Tal cenário começou a se alterar há alguns anos, quando o Ministério Público de alguns Estados começou a denunciar os administradores de empresas devedoras de ICMS, sob a alegação de que tal ato configuraria apropriação indébita. Tal crime estaria previsto no art. 2º, II, da Lei nº 8.137/1990, que assim dispõe:
Art. 2° Constitui crime da mesma natureza:
(…)
II – deixar de recolher, no prazo legal, valor de tributo ou de contribuição social, descontado ou cobrado, na qualidade de sujeito passivo de obrigação e que deveria recolher aos cofres públicos;
Lei nº 8.137/1990, artigo 2º, II
Algumas denúncias foram aceitas, processando-se ações penais pelo inadimplemento de ICMS. Neste cenário, um recurso chegou ao STJ e, por maioria, a Corte Superior entendeu, em 2018, que o inadimplemento de ICMS configuraria o crime de apropriação indébita, uma vez que o valor, embutido no preço das mercadorias vendidas, não pertenceria à empresa, mas ao Estado. Deste recurso interpôs-se outro recurso, agora para o Supremo Tribunal Federal, julgando-se, em dezembro de 2019, que o não pagamento do ICMS, de forma reiterada e com o dolo de apropriação, configura o crime de apropriação indébita.

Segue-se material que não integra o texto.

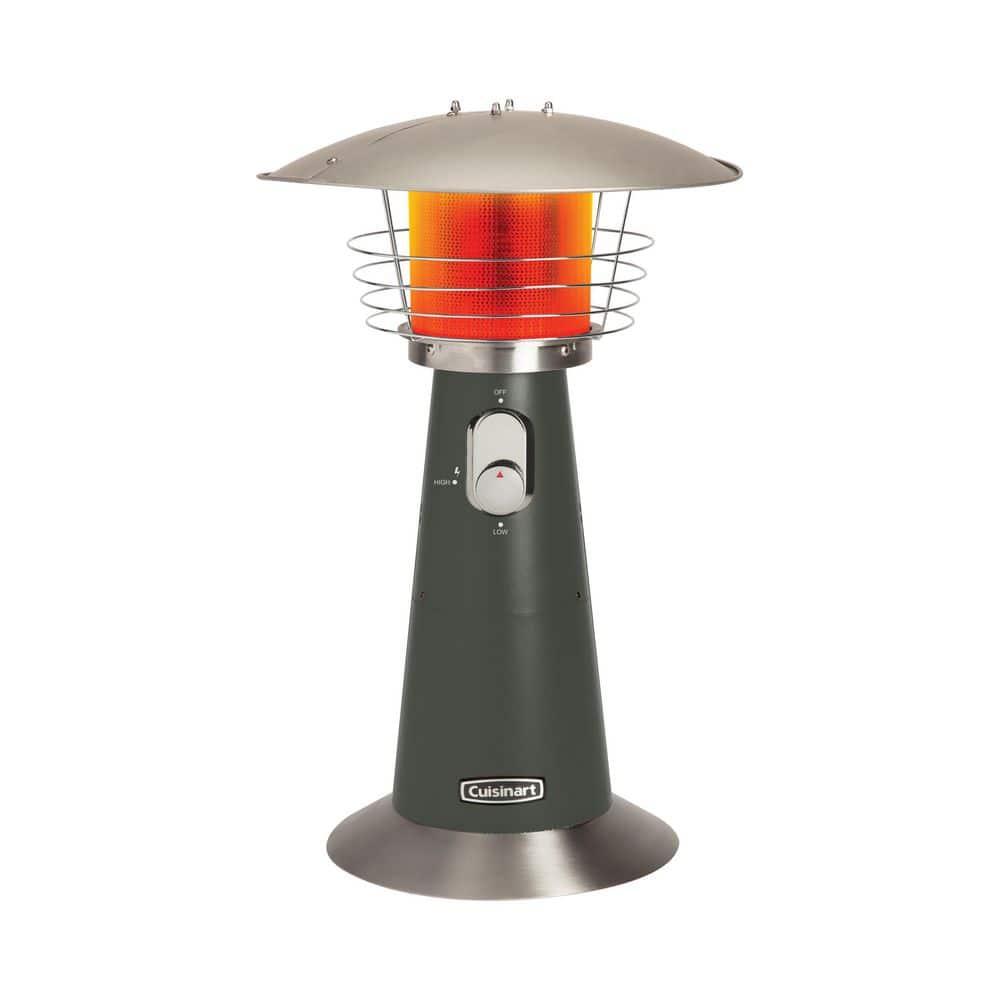 Cuisinart Tabletop Patio Heater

Fixou-se, inclusive, uma tese, que deve orientar os julgamentos daqui em diante. Ei-la:
O contribuinte que, de forma contumaz e com dolo de apropriação, deixa de recolher o ICMS cobrado do adquirente da mercadoria ou serviço incide no tipo penal do art. 2º, II, da Lei nº 8.137/1990.
O inteiro teor do acórdão ainda não foi publicado pelo STF, de sorte que não se tem acesso, neste momento, à integra dos fundamentos que levaram os Ministros da Corte Suprema a julgar nesse sentido. De qualquer modo, a tese em si pode orientar algumas ações.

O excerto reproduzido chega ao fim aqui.